Mar 9, 2008

opening statements

When faith crashes into culture there is that silent, sickening anticipation of the violent reaction to come from those who are watching this collision. This would correctly describe the experience I have just completed. I now have the long journey of making sense of what I have seen, heard, and felt during this intense time together. We began this journey from a place where everyone could come together in agreement. I believe that we agree that mission is more than a department in the church but as soon as we began down the road of what mission “is” we were plagued with conflict for the rest of the journey.

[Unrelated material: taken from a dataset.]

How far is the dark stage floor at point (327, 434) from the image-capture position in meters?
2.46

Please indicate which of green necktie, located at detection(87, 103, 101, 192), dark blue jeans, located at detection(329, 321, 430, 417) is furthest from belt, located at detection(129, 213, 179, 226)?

How could it be different things to different people if our Jesus is the same as their Jesus? If God is bigger than culture than how can culture affect what we see and why we see it? And the biggest question of them all; has the church, as an institution, co-opted people into a twisted theology of power? These questions are very hard questions to deal with. They are also questions that require a multi-layered approach. I understand there is a hesitancy to approach the issues in a multi-layered manner because of fear of what the end result will be to our “personal” relationship with God.
And yes, this is yet another shot at the oppressive thought process of Western Evangelicalism, but I also believe there is an inability of some sort to address such issues in a health manner that won’t send us off into tangents

The frustration and tension I felt during the intensive and in the time spent afterward was not with those who can’t see the multiplicity of the coded power theology language, but rather with those who defend the oppressive language of the institution because of fear; the fear of what is behind the veil of the wizard. The flipside of this journey is the calling of authentic community while still honestly differing in viewpoints. I must resist the inclination to either convert or walk away. Falling into that trap will make me an alternate reality version of the same institutional perversion that has created the tension I am now walking through. I so desperately want out of this matrix, knowing that the reality that awaits me is not Utopian, but grim and humiliating.

I willingly trade away any rights of passage into Power Theology for the painful, conflicting, and somewhat lonely journey of Street Theology (or what I like to call the Theology of the Oppressed) because I believe in a counter-culture, left of center, God of the oppressed more than I could ever believe in the four spiritual laws and ‘pray until something happens’ way of life.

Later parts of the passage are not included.